Hankel: Eine Fehleinschätzung. Ich war oft genug dort. Der Staat achtet keine Menschenrechte. Die Justiz arbeitet nach Wunsch des Präsidenten. Das müssten die deutschen Behörden wissen. Die FDLR gilt als Staatsfeind Nummer eins, auch wenn sie heute eigentlich keine Rolle mehr spielt. Musoni als ihr einstiger Repräsentant und ehemaliger Protagonist des Widerstands erwartet eine Rachejustiz.

SPIEGEL: Worauf stützen Sie das?

Hankel: Auf eigene Erfahrungen und auf Berichte von anerkannten NGOs. Danach rangiert Ruanda in Sachen Menschenrechte in einer Liga mit Iran, Saudi-Arabien oder Russland. Dahin würden wir jetzt auch nicht ausliefern. Und andere Ruander haben in Deutschland ja auch Asyl bekommen. Dass Musoni diesen Schutz nicht bekommt, ist unverständlich.

SPIEGEL: Musonis Verteidigung hat 2019 Beschwerde beim Europäischen Gerichtshof für Menschenrechte eingelegt, der Prozess in Deutschland sei kein faires Verfahren gewesen. Die Entscheidung steht noch aus.

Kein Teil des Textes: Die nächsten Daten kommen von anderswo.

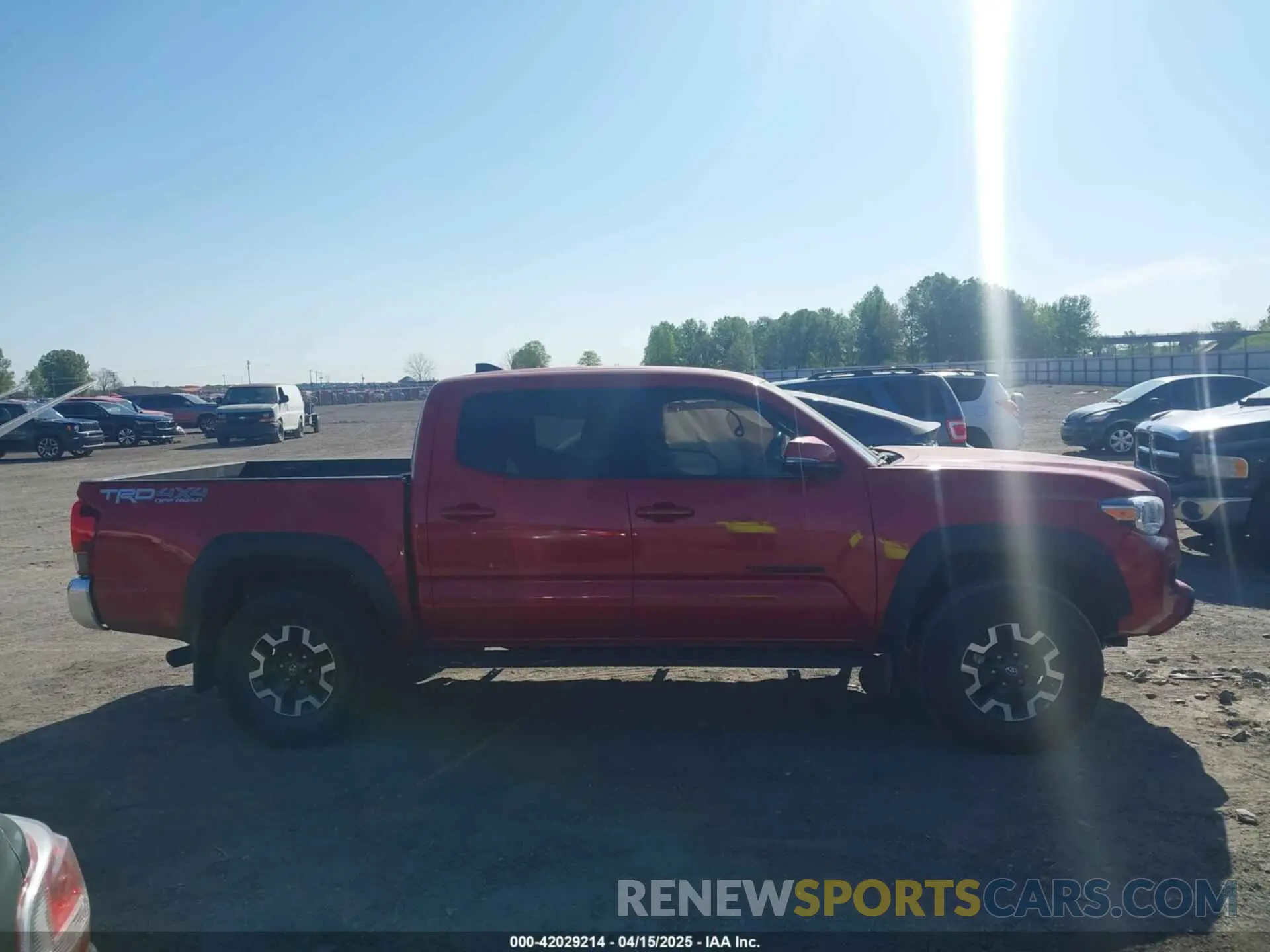 14 fotografías del automóvil dañado 3TMCZ5AN8KM259474 TOYOTA TACOMA 2019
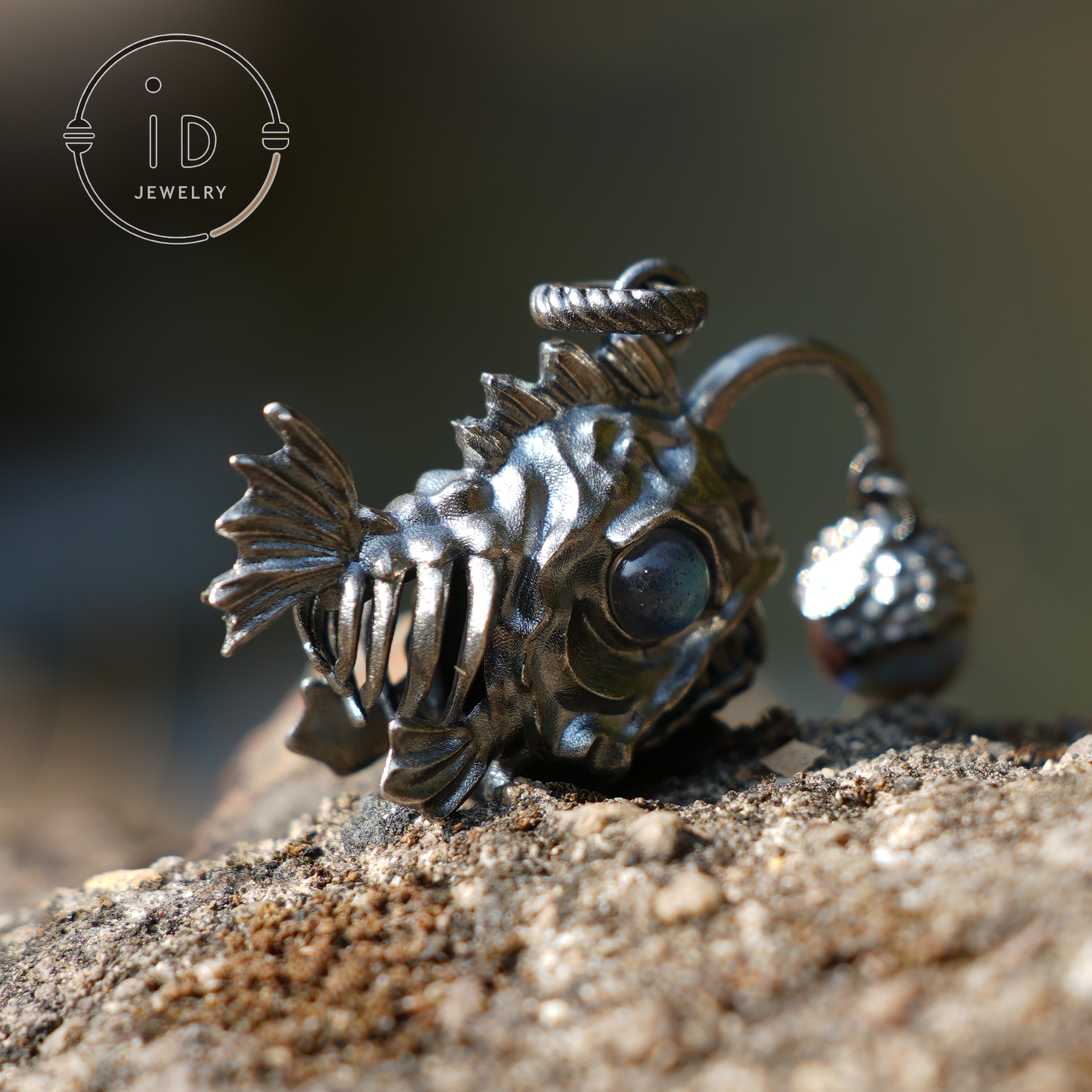 925 Sterling Silber Seeteufel-Anhänger mit Labradorit – Handgefertigter Kunstschmuck für Ozeanliebhaber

Hankel: Ich halte es für anrüchig, vollendete Tatsachen zu schaffen, ohne das Ergebnis abzuwarten. Er wird dort wohl den Rest seines Lebens im Gefängnis verbringen. Sollte der Beschwerde stattgegeben werden, wird man ihn nicht zurückholen können.

SPIEGEL: Musoni fürchtet, gefoltert oder getötet zu werden.

Hankel: Das ist nicht ausgeschlossen. Ich weiß von Gefangenen, die spurlos verschwunden sind. Aber es scheint eine Strömung im Auswärtigen Amt zu geben, die voller Vertrauen in die ruandische Justiz ist. Ich sehe da eine Parallele zum langjährigen Umgang mit Russland. Man sagt: Das Land hat eine extreme Gewaltgeschichte, aber wir geben ihm eine Chance. Aber man macht so nur die üblen Kräfte stark, wie wir heute wissen.